Hi, I’m Lisa – the new Global Environment intern here at Americans for Informed Democracy.

Yesterday morning I had the opportunity to attend a breakfast briefing celebrating International Women’s Day. The breakfast was organized by Women Thrive Worldwide and UNIFEM to educate policymakers and private sector leaders about successes and challenges facing women in Afghanistan and Haiti. Speakers included The Honorable Maria Otero – Under Secretary of State for Democracy and Global Affairs, Senator Mary Landrieu (D-LA), Ines Alberdi – Executive Director of UNIFEM, Kathy Mongones – UNIFEM Haiti Program Coordinator, Suraya Pakzad – Founder of Voice of Women in Afghanistan, and Ritu Sharma – President and Co-founder of Women Thrive Worldwide.

The take away message was clear: it’s time to make women’s empowerment a central focus of U.S. foreign policy. But how do we do this? According to Ritu Sharma, you listen.

Women Thrive Worldwide recently conducted a study, “Time to Listen: Global Women’s Views on U.S. Foreign Assistance”. Overall, women’s organizations surveyed had a positive view of U.S. assistance.

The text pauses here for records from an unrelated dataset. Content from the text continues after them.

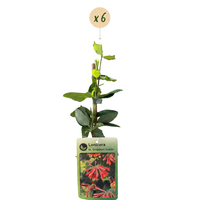 6x Lonicera br. 'Dropmore Scarlet' - Dropmore Scarlet honeysuckle - Red-Yellow - Climber - Ø9cm - ↕35cm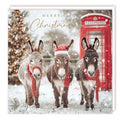 3 Christmas Donkeys Charity - pack 5 - Christmas Cards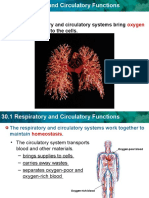 Biology-Ch 30 Notes On Respiratory and Circulatory Systems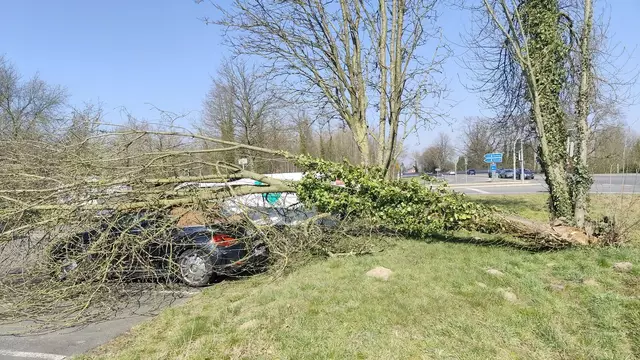 Ein Baum fiel auf ein VW Beetle Cabrio | Foto: PI Harburg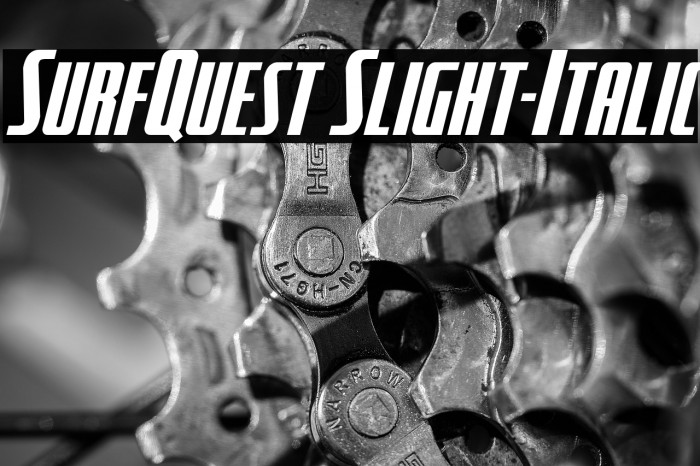 SurfQuest Slight-Italic Example 3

But U.S. assistance strategy, design and implementation –they said—are often top-down, without enough local input or ownership. They also said, that while they appreciated international support for their efforts in country, they want to see their entire communities, including men, benefit from foreign assistance programs. In other words, they want a “gendered community approach to development.

In our push to help and give aid to as many nations and people as possible, we often forget to listen to what the recipients of our aid want or need. For example, Suraya Pakzad told a story about a village in Afghanistan where a school was built as a part of the reconstruction efforts, but the children in the village could not attend the school because they had to spend such a large part of their day getting water. For the people in that village, education was important, but the need for an easily accessible source of clean drinking water was more important. International reconstruction efforts had not asked community members what was most important for their needs.

In feminism, we talk about “bringing women to the table”. This morning’s speakers spoke about mainstreaming gender analysis throughout U.S. foreign assistance policy and programs. But, it’s more than just bringing women to the table or mainstreaming a strong gender analysis. It’s about bringing women to the table, and listening carefully to what they have to say. Then equipping them with the tools to lead change in their own communities. As Suraya Pakzad eloquently put it when speaking about the new gender quota in the Afghani parliament, “We don’t need 68 women with no voices. We need 10 women with strong voices” to lead the way.

If you’re feeling in need of a little listening practice, I recommend checking out Oxfam’s film “Sisters of the Planet” (available in the AIDemocracy Film Library!) in which four powerful women—Helen, Ursula, Sahena, Muriel—share the impacts of climate change on their lives and what their doing to fight it.